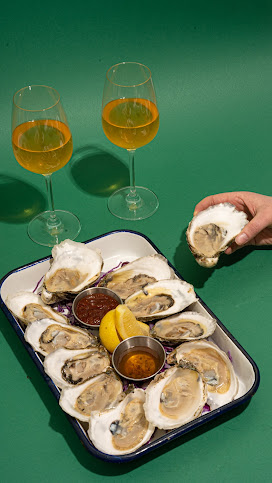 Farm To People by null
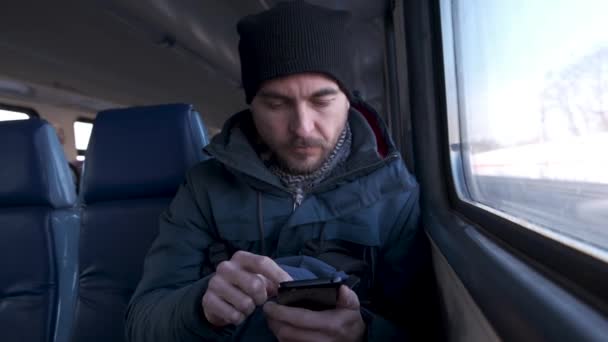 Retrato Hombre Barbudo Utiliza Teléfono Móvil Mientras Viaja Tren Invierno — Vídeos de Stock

----------------

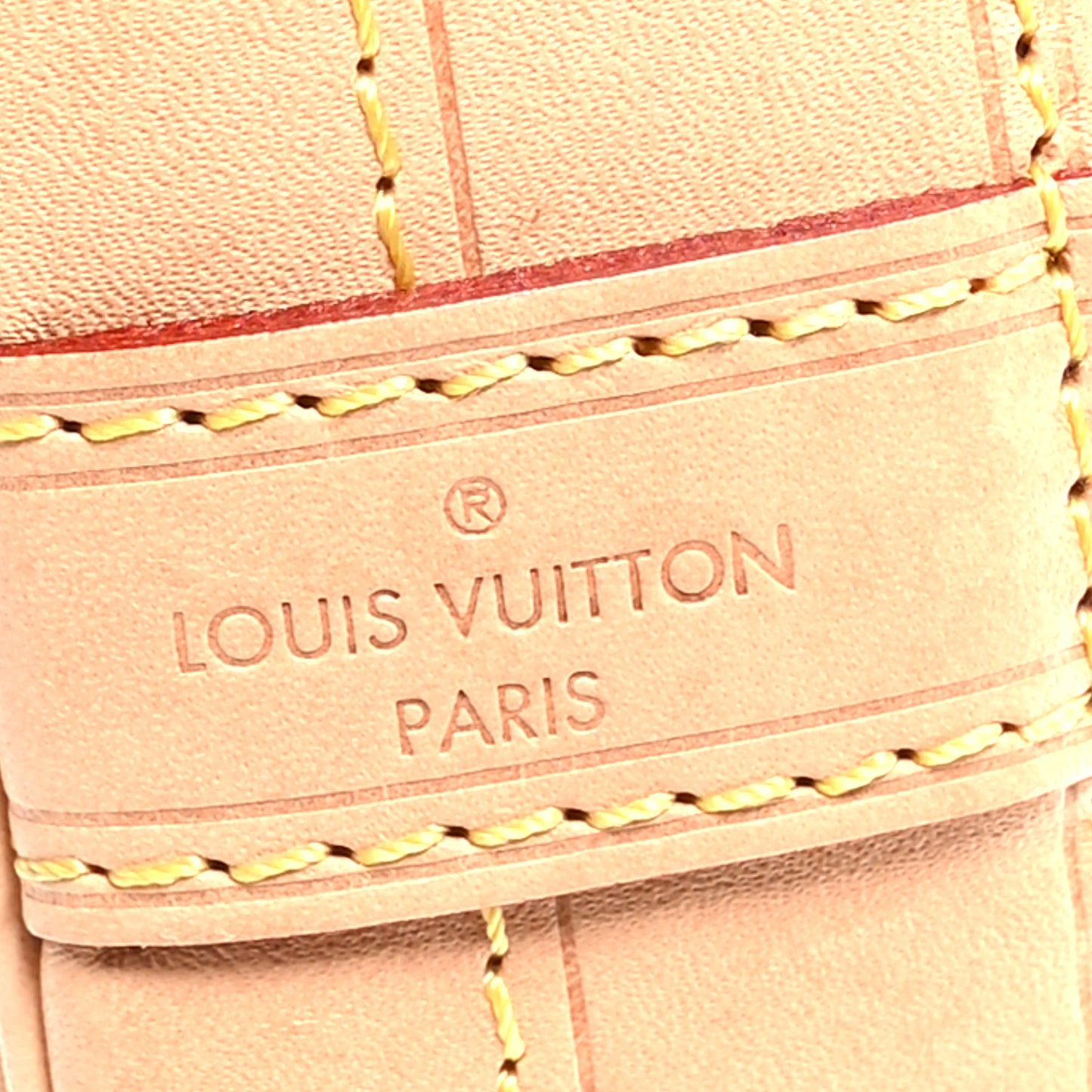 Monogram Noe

----------------

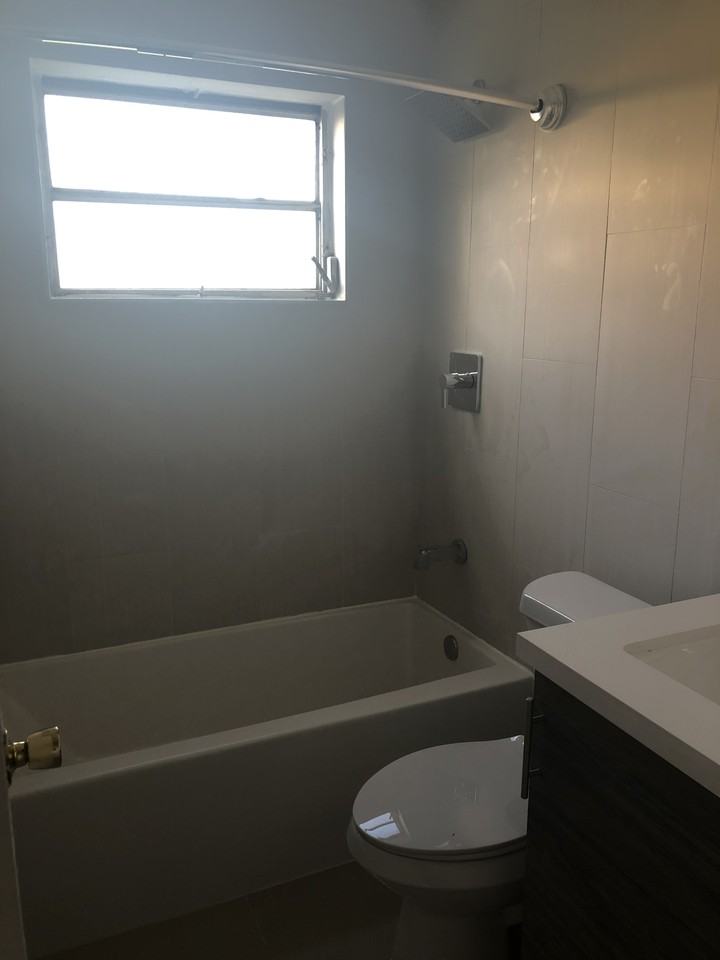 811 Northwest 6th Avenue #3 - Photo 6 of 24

----------------

* Task to complete
Please output the lines above beginning at the line with "Farm To People by null" and ending after the line with "Retrato Hombre Barbudo", precisely as written and with no pictures.

* Written answer
 Farm To People by null
 Retrato Hombre Barbudo Utiliza Teléfono Móvil Mientras Viaja Tren Invierno — Vídeos de Stock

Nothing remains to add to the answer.